I did detailed drawings of animal skulls on the bodies of stuffed bears with brown pencil on tan paper. I took photos of the minutiae of my life as a teenager. We did ink prints and ceramic work. But, my main focus was on acrylic paint on canvas boards.
They were these 12×10” boards of pre-made canvas, stored in these large moving cabinets that I had to maneuver and manipulate and dig around in in order to find them. No one else really used them, so they were sort of disorganized and scattered around in the storage area.
I took these tubes of acrylic paint, mostly dark colors – black, deep reds and blues, browns and I diluted them with water to various degrees. I discovered that this was a neat way to get a variety of colors in a brush stroke and throughout the painting depending on how long I had been using that particular color or how much water was added. It was a hard process to control, if you figured out the perfect combination of paint and water for that day, it would be impossible to figure out the next day.
A lot of my paintings were done in a single class period. The canvases were small, and the diluted paint made it easy to cover surfaces quickly.
I would sometimes draw these little scenes on the canvas boards in sharpie marker first. Just single panels of weird little dudes standing still. I never thought about it, just doodled a scene. Then I’d paint over the top and use a paper towel to soak up the paint over the people. This is not to say that any of this was groundbreaking art, it wasn’t anything more than lame high school expression.

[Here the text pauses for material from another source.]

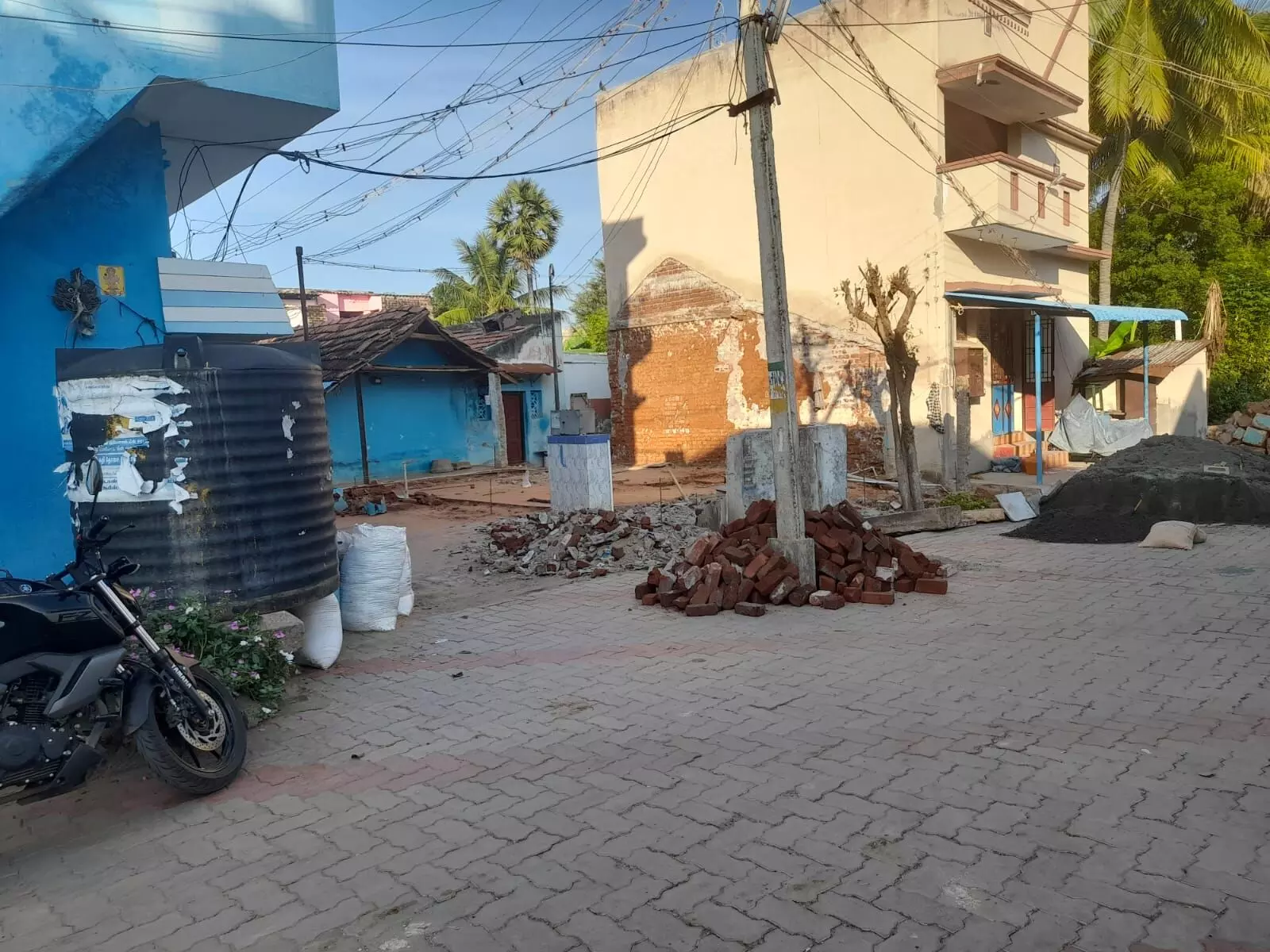 Drinking Water Tank Removal சோழவந்தான் பேரூராட்சியில் குடிநீர் தொட்டி உடைப்பு: கவுன்சிலர் புகார். Drinking Water Tank Removal சோழவந்தான் பேரூராட்சியில் குடிநீர் தொட்டி உடைப்பு: கவுன்சிலர் புகார்.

I sort of just sat at the side of the room every day. I remember everyone else usually bustling about or doing something very serious. Here I was just doodling crap without any though and smearing paint over it all. My teacher had known me all through high school in the various art classes I had. She was tall, blonde, tan and a middle aged single mother. She was funny and always positive. I can’t remember her name anymore, and I feel sort of bad about that. Though my teacher was never a particular fan of my work, she allowed me to do it and she graded me fairly (probably more than fair). Sometimes she would just walk up next to my area and sigh about how she just didn’t get what I was doing – not that there was anything TO GET, but I could have been trying at something better. But, her complaints were always with a smile and a wink, and sometimes that is the great motivator for youth – an adult suggesting you can do better.
Eventually, she organized a field trip for us to a proper art museum – The Art Institute of Chicago. Since we were in the advanced class, she wanted to expose us to the huge possibilities of art, and to see things that would inspire us in our own work. Since it involved crossing state lines, we had to rent a REAL bus, which wasn’t cheap, but this was back when Clinton was in office and high schools had money and before students were educated solely for a graduation test.

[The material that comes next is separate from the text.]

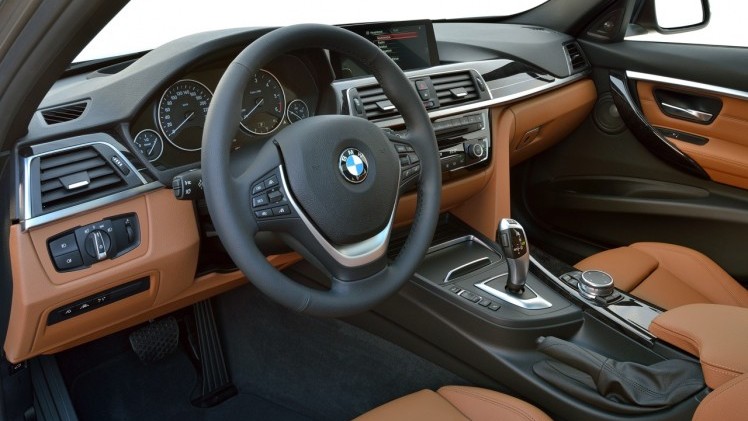 BMW voert 3 Serie LCI facelift door in 2015 en introduceert nieuwe versies met 3 cilinder. Ook verschijnt de 330e in 2016 als plug-in hybride.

I don’t remember the trip at all, but I remember the museum. I remember walking around alone, ducking down a hallway opposite of anyone’s path I crossed from class. But, in particular, I remember spending most of my time in their modern and contemporary art exhibit. There were a lot of video pieces there – a man’s face projected on a stuffed doll, answering psychology test questions; videos of clown torture; but there was much more. Sculptures made of twisted wire, painted boxes, abstract expressionism. One piece that I remember standing out to me was Kelley’s Eviscerated Corpse, seen above. At that time I wasn’t bothering to learn or remember an artist’s name, but I never forgot that particular piece. Not that it was particularly relevant, just stored in the back of my brain, nowhere in particular.
I remember some of the people in class scoffing at the section and making fun of how it wasn’t really art. I remember being angry at them. In the gift shop at the end of the trip, I spent what little money I had on a book that was about that exhibit. It was expensive, as things in museum gift shops always are, but I wanted to be able to take these pieces home with me. I still have the book and still look at it from time to time.
The next class, I remember quite vividly my art teacher coming up to me and saying, “You know, Tim…I wasn’t going to tell you this. But I looked at the stuff in the contemporary art section, and I saw people who do what you do.” She laughed and walked away. It was an admittance, of sorts. Not that I was suddenly some sort of art genius, but perhaps that things we don’t agree with aren’t always a waste of supplies.
In a very real sense, even though Mike Kelley didn’t hold a huge place in my life, he taught me a lot of things. It was okay to keep doing what you were doing, even if some people didn’t like it. Sometimes you need to open your mind a bit to something you aren’t familiar with. Perhaps most importantly, though, he reminded me (even years later) that it was okay to be weird.